I started with high hopes and grand ideas, which should've been the first red flag. At this time, I felt I was already behind compared to my classmates ( who moved onto their capstone instead of getting stuck on the second game jam). My question for my exegesis was alright, I was happy with it at the time, and the idea felt reachable within the year to me. I really wanted to make this game right, so I hastily got to work.
However, the wings were made of beeswax. And like Icarus I too thought of myself greater than the sun.

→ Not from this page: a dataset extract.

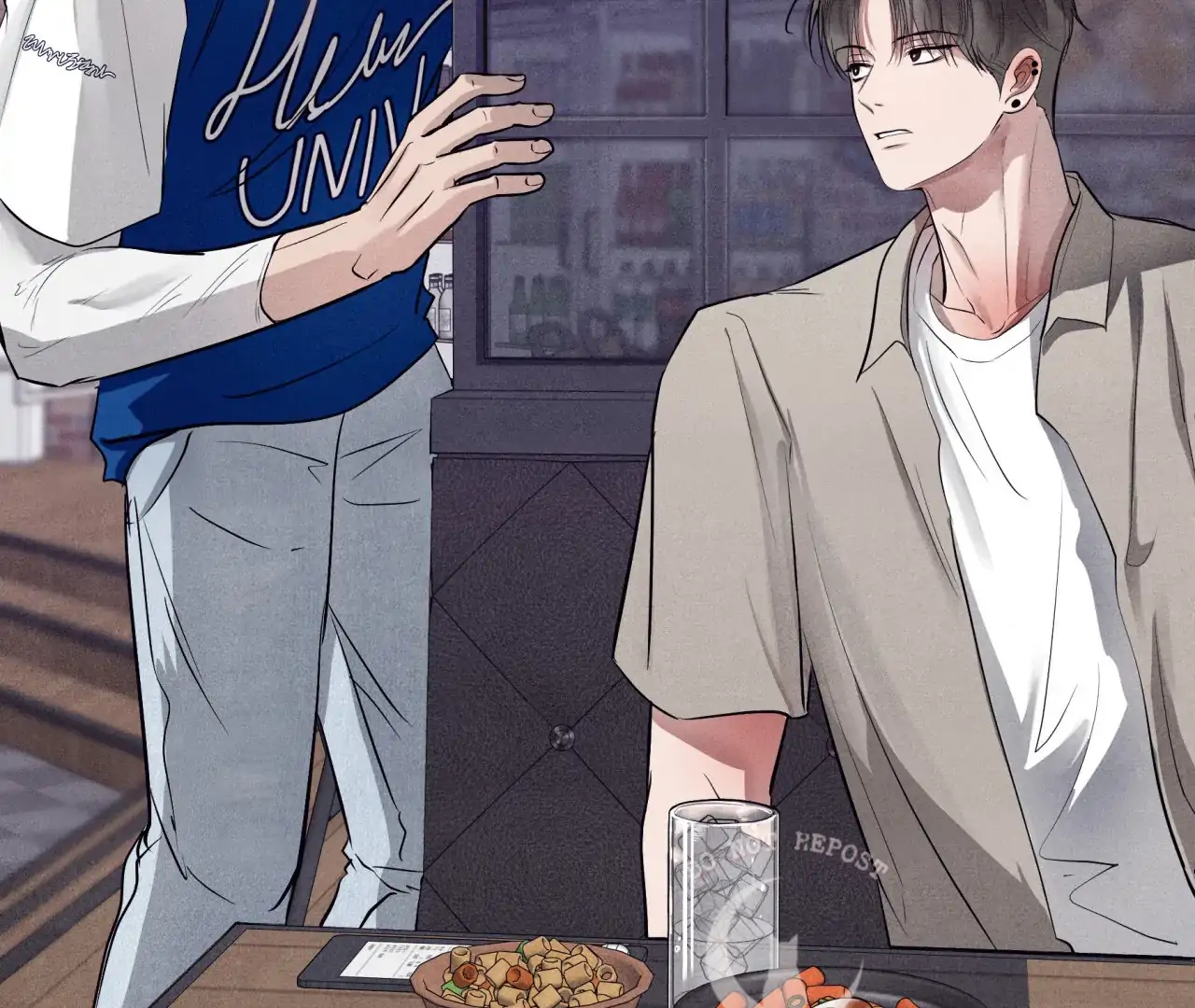 Unsleep [S2] - Chapter 39 manhwa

A slow and painful decline.
It didn't take long for me to lag behind. However, I had many issues in my personal life that contributed to this - particularly an undiagnosed health issue that led me to forgetting information within my short term memory and losing concentration. There were times I felt I was learning to program all over again. Despite this, all progress made was only made within class time - barely even six hours a week spent on creating this game! This wasn't sustainable, and it was quickly made apparent when I noticed how much further along my classmates were. The wings had started melting.
I got myself so focused on level design initially - I had quite the big map. I made my map, then remade it again when I felt that the terrain wasn't as good as I wanted. I feel like I did this just to avoid programming (which is a terrible idea, by the way) due to my lack of concentration at the time. I started with basic code: date, time, just simple numbers to warm me up and procrastinate on the bigger stuff. I pushed onto learning how to use Unity's nav-mesh, which I found extremely interesting (and much easier than brute forcing like how I was previously). I also played around with test animations, and relearnt how to navigate Unity's animator.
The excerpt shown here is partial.